◆ Action item ◆
Each line in the material below, starting at the one that contains "From there, you" and ending at the one that contains "The patient is", should be repeated exactly; the pictures should not.

◆ Source material ◆
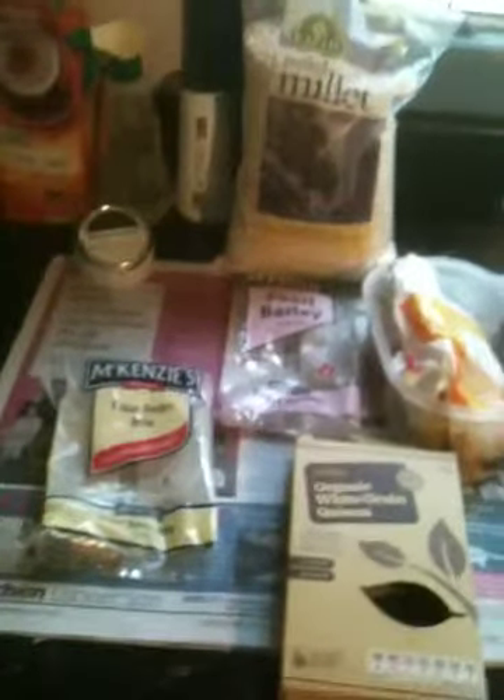Those who know me well probably thought the last thing they would ever see is me doing a video in the kitchen. I'm attempting to make chop after seeing Pamela's lecture at the step-up last Saturday.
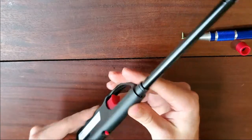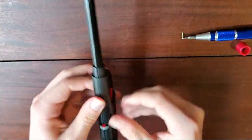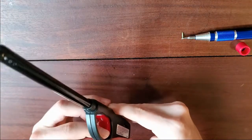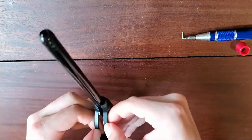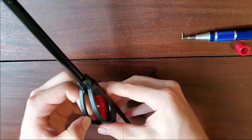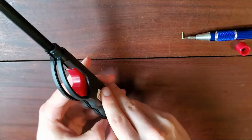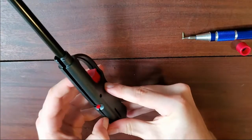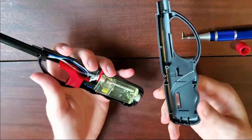From there, you can start to kind of pry the casing a little bit. Slowly work it, and once you get it, it just kind of goes — almost there — there we go, and there it is.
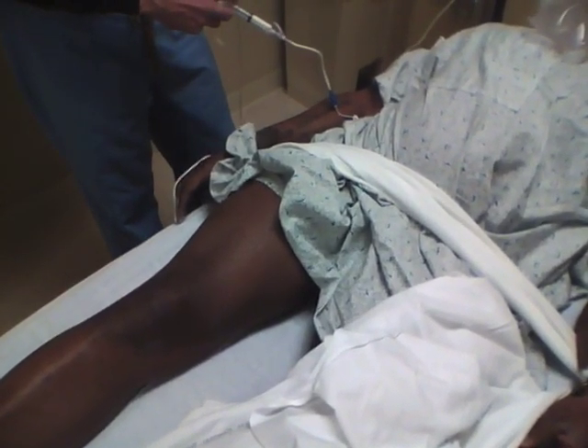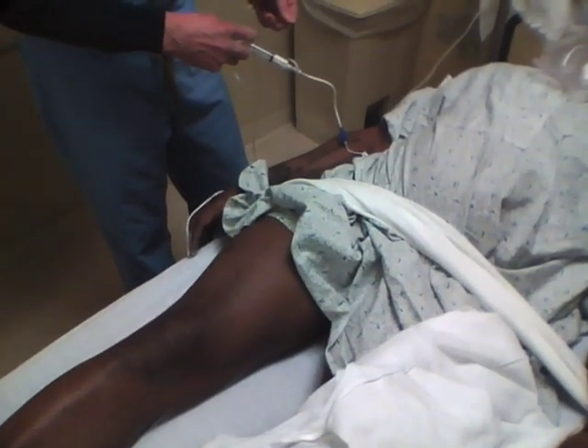The patient is sedated with a drug such as propofol for procedural sedation. Propofol is selected because of its muscle relaxation effects as well as its sedative effects.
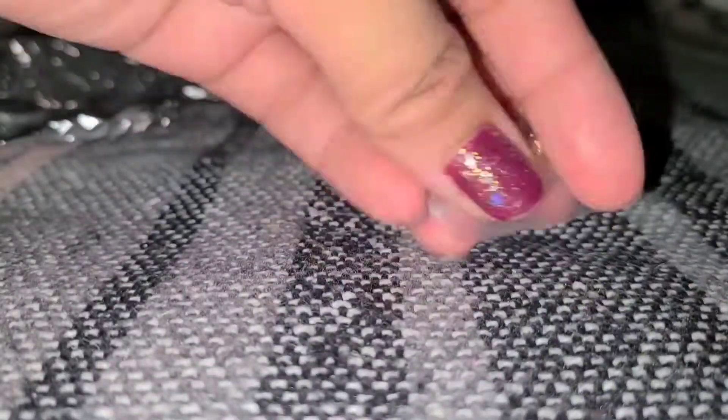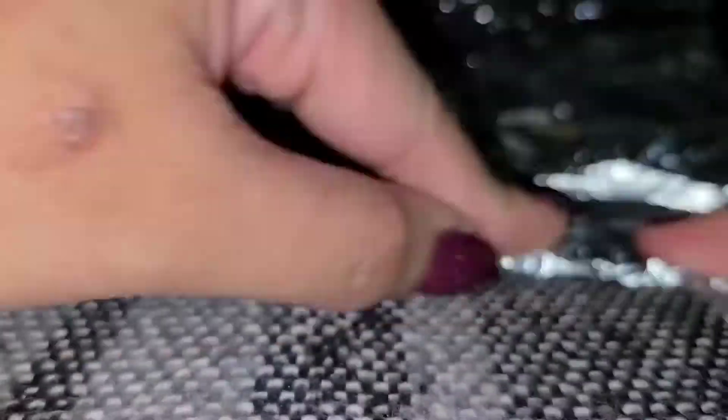We're going to go ahead and wrap our jewelry in a plastic bag and then wrap it in foil. The foil will protect your piece of jewelry from the heat from the wax.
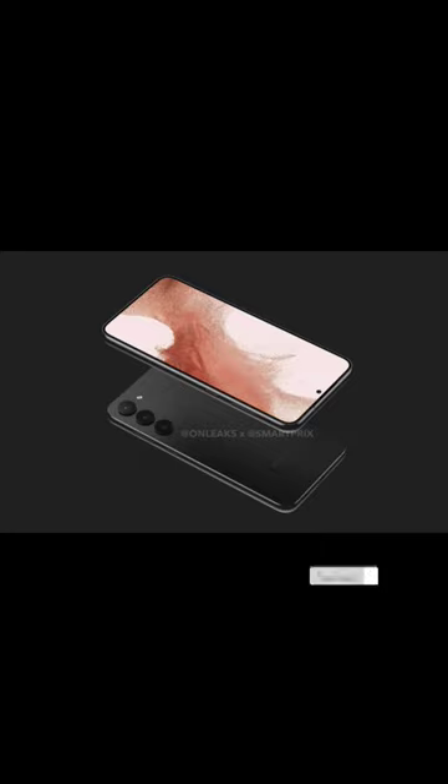There seems to be some design changes compared to the Galaxy S22 Plus. You'll have a punch hole display camera on the front. The back camera is a vertical triple unit at the upper left corner, and there is no camera island this time.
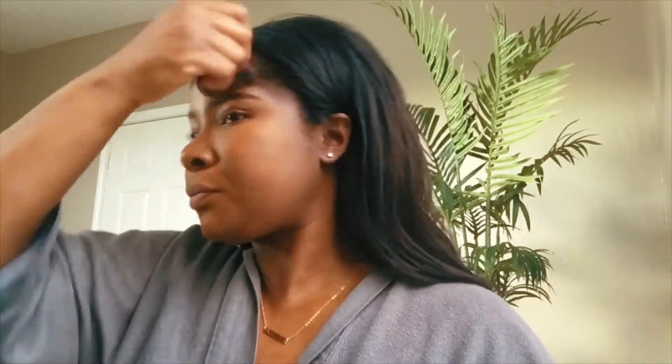Next I'm going to get started on my foundation. I use two foundations — my MAC Pro Longwear in NW45 and my NARS All Day Luminous in the shade New Orleans. I mix those two together to give me the perfect shade, because as African-American women we have an outer shade and an inner shade for our faces, so it gives me the perfect combination.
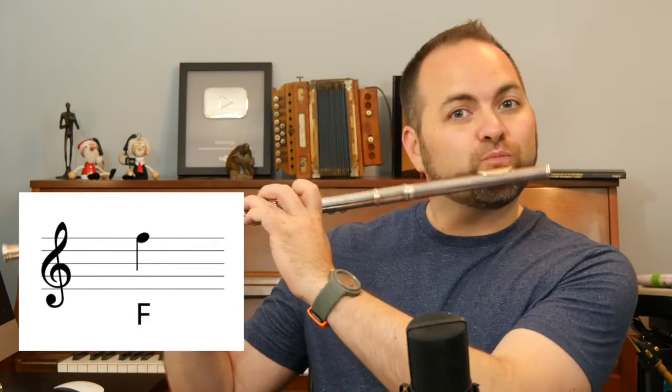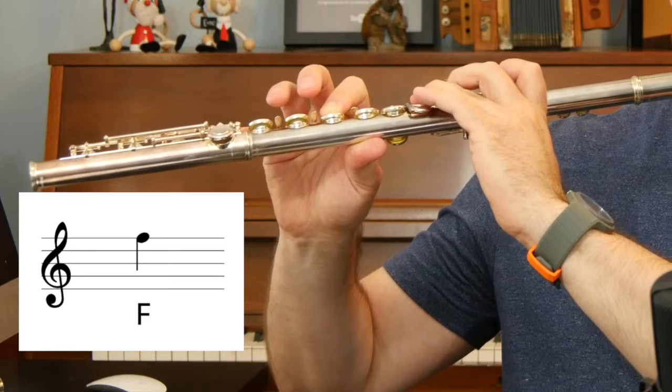F is written on the top line of the staff. It sounds like this. The flute can also play a low F, which is on the bottom space of the staff, and a really high F, which is above the staff. But for this lesson, we're going to learn our middle F, which is on the top line.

◆ Written solution ◆
From there, you can start to kind of pry the casing a little bit. Slowly work it, and once you get it, it just kind of goes — almost there — there we go, and there it is.
The patient is sedated with a drug such as propofol for procedural sedation. Propofol is selected because of its muscle relaxation effects as well as its sedative effects.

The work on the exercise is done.